In July 2014, New York became the 23rd state in the U.S. to legalize medical marijuana, following a ‘lengthy and emotional’ debate in the Senate. It ultimately saw the Compassionate Care Act bill being supported by a 49-10 Senate vote.
Governor Andrew Cuomo, who has made no secret of his staunch anti-marijuana stance in the past, signed the bill into law, opening an 18-month window for the New York Department of Health to come up with a viable and complicit MMJ program. The completed program was subsequently launched on January 7th.
While this was great news for suffering patients who were desperately awaiting the legalization of MMJ, the bill raised a few eyebrows due to it being one of the most restrictive in the country. For the usually forward-thinking New York, it was a concerning conservative move, and one that seemed regressive in the face of pioneering MMJ states like California and Colorado. Only five MMJ producers were licensed by the DOH, and only twenty dispensaries were permitted state-wide.
It was also pretty tough to get your hands on an all-important MMJ card, as the list of qualifying conditions was limited to severe illnesses like cancer, ALS, and Parkinson’s. This made doctors wary of prescribing MMJ; if the patient’s condition was seen as borderline or questionable, the doctor could be prosecuted for illegal distribution.

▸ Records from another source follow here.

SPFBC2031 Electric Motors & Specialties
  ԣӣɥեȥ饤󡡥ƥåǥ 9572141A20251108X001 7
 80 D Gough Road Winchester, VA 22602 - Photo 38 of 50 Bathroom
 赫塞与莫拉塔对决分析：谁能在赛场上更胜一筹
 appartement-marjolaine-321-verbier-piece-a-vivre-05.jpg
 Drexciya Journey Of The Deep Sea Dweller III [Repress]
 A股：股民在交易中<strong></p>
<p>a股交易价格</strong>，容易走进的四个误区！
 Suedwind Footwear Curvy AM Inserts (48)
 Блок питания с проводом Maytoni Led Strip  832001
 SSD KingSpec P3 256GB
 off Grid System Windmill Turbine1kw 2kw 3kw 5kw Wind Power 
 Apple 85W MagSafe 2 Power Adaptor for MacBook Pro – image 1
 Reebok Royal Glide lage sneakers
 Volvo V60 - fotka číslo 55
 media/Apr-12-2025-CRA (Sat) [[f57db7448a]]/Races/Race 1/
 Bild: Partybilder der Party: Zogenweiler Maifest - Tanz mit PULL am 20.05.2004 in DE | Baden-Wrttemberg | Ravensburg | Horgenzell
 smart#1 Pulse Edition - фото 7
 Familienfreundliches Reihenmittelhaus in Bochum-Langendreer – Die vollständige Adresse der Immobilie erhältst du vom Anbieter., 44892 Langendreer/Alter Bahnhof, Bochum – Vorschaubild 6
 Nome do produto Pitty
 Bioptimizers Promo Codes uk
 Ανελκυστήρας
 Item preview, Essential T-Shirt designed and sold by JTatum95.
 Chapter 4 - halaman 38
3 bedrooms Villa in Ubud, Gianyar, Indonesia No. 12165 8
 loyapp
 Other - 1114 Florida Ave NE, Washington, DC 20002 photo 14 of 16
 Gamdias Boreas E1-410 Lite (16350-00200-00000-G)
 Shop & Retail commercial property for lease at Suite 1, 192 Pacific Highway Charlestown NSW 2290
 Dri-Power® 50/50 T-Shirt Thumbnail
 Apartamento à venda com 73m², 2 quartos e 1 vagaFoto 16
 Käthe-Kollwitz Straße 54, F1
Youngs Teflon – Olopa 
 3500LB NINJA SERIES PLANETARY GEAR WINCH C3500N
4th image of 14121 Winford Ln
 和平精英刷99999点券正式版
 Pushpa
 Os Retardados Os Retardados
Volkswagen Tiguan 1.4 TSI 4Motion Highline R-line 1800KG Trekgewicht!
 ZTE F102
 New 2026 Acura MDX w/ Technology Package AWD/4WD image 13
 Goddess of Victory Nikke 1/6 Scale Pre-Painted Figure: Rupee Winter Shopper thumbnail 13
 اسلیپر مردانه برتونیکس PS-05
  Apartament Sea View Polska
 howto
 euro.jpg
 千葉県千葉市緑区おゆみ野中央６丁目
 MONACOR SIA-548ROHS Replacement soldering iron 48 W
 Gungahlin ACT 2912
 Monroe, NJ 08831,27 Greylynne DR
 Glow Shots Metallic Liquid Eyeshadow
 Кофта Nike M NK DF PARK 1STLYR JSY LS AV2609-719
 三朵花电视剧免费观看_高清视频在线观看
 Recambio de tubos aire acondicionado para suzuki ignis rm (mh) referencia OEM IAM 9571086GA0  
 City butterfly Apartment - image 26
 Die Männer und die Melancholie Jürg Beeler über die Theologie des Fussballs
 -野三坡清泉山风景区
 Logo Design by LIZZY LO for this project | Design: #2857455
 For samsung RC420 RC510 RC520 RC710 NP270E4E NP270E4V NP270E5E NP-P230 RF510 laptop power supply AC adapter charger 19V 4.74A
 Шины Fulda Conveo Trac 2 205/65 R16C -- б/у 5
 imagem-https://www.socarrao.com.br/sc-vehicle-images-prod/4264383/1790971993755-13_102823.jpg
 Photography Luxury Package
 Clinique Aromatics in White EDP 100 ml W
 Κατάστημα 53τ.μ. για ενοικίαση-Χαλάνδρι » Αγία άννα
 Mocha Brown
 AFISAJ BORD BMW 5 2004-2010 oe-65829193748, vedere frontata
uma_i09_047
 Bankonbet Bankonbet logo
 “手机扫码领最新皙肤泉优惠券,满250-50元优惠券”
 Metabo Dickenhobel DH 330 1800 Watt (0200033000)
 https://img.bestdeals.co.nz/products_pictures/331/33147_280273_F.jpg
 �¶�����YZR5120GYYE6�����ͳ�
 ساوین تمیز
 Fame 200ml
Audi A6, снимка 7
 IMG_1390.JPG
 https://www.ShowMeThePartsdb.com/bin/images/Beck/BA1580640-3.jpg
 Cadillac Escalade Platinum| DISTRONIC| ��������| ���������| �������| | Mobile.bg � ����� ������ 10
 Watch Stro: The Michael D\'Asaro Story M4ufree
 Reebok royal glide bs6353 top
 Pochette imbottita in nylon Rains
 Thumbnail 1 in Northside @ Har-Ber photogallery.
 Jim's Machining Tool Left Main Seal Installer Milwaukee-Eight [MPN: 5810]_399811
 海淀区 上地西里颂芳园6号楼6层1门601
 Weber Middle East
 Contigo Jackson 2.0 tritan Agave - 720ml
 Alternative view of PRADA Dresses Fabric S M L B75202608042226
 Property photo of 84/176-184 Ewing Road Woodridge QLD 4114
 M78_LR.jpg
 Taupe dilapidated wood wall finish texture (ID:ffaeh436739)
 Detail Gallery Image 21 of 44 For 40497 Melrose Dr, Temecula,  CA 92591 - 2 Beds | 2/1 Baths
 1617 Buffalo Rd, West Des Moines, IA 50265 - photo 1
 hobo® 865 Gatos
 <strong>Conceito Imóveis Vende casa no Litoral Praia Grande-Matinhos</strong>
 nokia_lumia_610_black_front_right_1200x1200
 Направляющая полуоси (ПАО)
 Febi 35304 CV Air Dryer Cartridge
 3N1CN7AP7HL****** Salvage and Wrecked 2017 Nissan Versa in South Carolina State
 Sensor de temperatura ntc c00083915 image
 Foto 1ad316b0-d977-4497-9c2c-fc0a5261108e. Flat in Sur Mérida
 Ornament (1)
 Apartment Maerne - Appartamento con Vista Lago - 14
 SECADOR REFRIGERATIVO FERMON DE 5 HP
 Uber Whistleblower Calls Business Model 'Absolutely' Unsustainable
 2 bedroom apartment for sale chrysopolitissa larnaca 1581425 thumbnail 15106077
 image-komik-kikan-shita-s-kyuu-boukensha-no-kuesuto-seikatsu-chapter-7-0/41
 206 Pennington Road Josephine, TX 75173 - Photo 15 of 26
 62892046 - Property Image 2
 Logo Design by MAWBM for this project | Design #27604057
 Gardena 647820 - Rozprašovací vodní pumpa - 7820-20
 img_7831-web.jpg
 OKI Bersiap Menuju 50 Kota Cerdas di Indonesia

Thankfully, in the months that followed, leading up to the present, mid-2017, progress was made due to near constant campaigning from MMJ advocates. It is now much easier to secure an MMJ card in New York, as the blanket term ‘chronic pain‘ was added to the list of qualifying conditions. Obviously this has a medically broader reach and gives doctors more freedom in prescribing medical marijuana as a treatment plan.
But there are a few hoops to jump through before you can access your medicine:
The first step in getting your MMJ state ID card, the all important key to the kingdom, is finding a certified medical practitioner who can recommend you medical marijuana as a remedy. Locating a doctor is quite simple in 2017; you can visit one in real life, or even avail of handy online caregivers, who will happily certify you legally for an MMJ card, as long as your condition meets the state’s requirements.
Once you have that, there’s a little bit more due process to get through; but fear not, you’re almost there.
Once certified, you head on over to https://my.ny.gov/ and find the ‘Health Applications’ icon. Once there, locate the ‘Medical Marijuana Data Management System’ link to register yourself. Bear in mind, you will need an NY.gov account to set up your registration; if you don’t have this, it’s simple to create one, and you can follow the link from the MMJ registration page.
Another important thing to keep in mind during the registration process is that you’ll need to provide proof of identity and residency in New York state. An NY-issued driver’s license is pretty perfect for this as it works for both requirements, but if you don’t drive, you can still use a passport photo taken within the last thirty days, and an official document like a utility bill or government-issued letter sent to you within the last two months.
The Compassionate Care Act states there is a $50 filing fee necessary for all applications, but the kind folks at the Department of Health are currently waiving that fee for all patients and caregivers. If you select the ‘Bill Me Later’ option during this stage, the fee will be waived and you’ll be relieved of this particular financial burden.
If your illness or condition incapacitates you, the next and final stage of the application process allows you to designate up to two caregivers who can collect your medicine for you. These caregivers have to be registered, and must bring their registration with them when collecting the MMJ, as well as their patient’s certifications.
Once you’ve completed that step, the only thing left to do is sit back and wait for your ID card to be delivered to you!
After your card arrives, there are a few things to keep in mind as you begin benefiting from your medicine. One important point is that you must keep your MMJ ID card on you whenever you’re carrying medical marijuana, not just when you buy it at the dispensary. The safest bet is probably to keep it on you at all times, like you would a bank card. That way you’ll never be caught short if someone happens to question you on your MMJ.
Also, if you change addresses, or for some reason your name, you’ll need to notify Medical Marijuana Program as soon as possible so they can issue a new card.
MMJ is still finding its feet in New York, but the signs are good that things are changing for the better. As more conditions are added to the qualifying list and it gets easier for patients to benefit from medical marijuana, distribution and dispensaries across the state should grow and multiply, making MMJ available to all who require it.